I received a text from my ex-wife a few days ago at the beginning of the Supreme Court hearings on DOMA – there was more to the original text she sent me, but that was the main point. The text she sent before that one asked if I would pick up crickets for our boys’ gecko, Astro.
I met my ex-wife in college. We started dating about halfway through my freshman year, her sophomore year. She was the first person I had ever dated. I went to an all boys high school, so dating a classmate was not something I had ever considered. My high school experience is something that I have written about occasionally, but it was a pretty devastating experience and one that I think really shaped the years of my life after high school, through marriage and ultimately, my coming out. Almost every day of the four years of high school, I was picked on/bullied/whatever you want to call it for being gay – or rather, being perceived as gay. I didn’t admit it to myself for years, so kudos on them for recognizing it before I was ready to. While dating my future ex-wife, I made the admission to her that I was bisexual. I believed with everything in my being that I was in fact bi. I loved her and wanted to be with her. We got married after we both finished grad school and a little over a year after that, we had our first son. Sixteen short months later, we had our second son. It was about a year after his birth that I really began to question my bisexuality. I spent a year thinking about it, questioning it and eventually deciding that I wasn’t bisexual – I was just gay.

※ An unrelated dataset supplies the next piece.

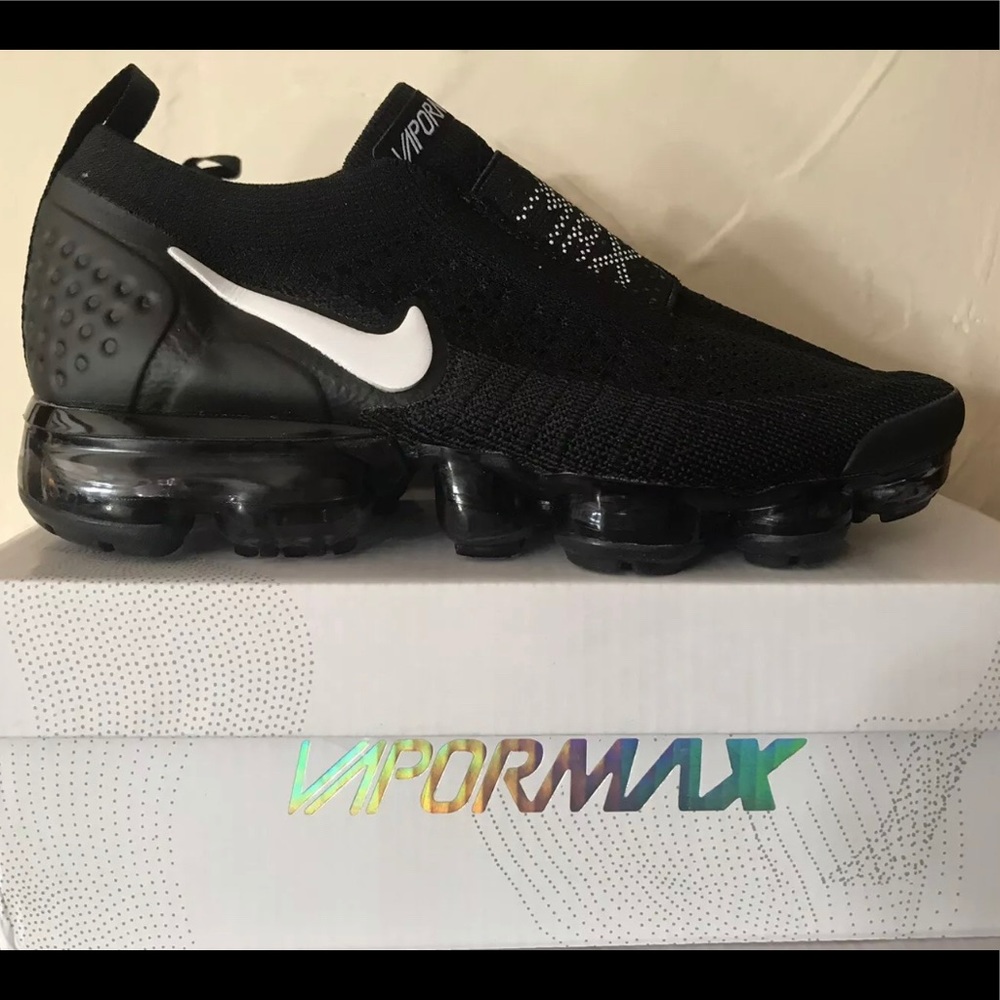Women’s Nike VaporMax Flyknit Size 7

Six years later, my ex-wife texted me letting me know that she supports my right to get married to another man if I so choose. I don’t know if I will get married again. I spent years thinking that I would never, ever do it again. Things change, I changed. I looked at pictures of teenagers at the Nation For Marriage rally who wrote on a pad of paper why they were supporting traditional marriage and wonder if they’ll change as they age, too. I like to think that most of them will look back at that and be embarrassed at what they wrote.
Most of the arguments against gay marriage fall back on religion, procreation and certain people’s disapproval of homosexuality.
I often wonder what these teenagers thought about gay marriage when they were five years younger – what about in 5 years? What will the landscape of gay marriage be like in the United States?
We’ll have a new president in 5 years – what position will he or she take on gay marriage? Gay marriage isn’t going anywhere. People’s thoughts and views on gay marriage continue to change, especially when more and more people know or have a gay family member.
As my own personal landscape changed dramatically in the last 6 years, so has the world we live in. In those six years, I’ve gone from a straight marriage to the possibility of a gay marriage with the exact same benefits of a straight marriage. I live in Massachusetts, so technically I could have married a same sex partner in 2004, but I am thinking of the big picture and having a potential marriage recognized by every state in the country I live in. I believe it will happen as does my ex-wife and I think that says something.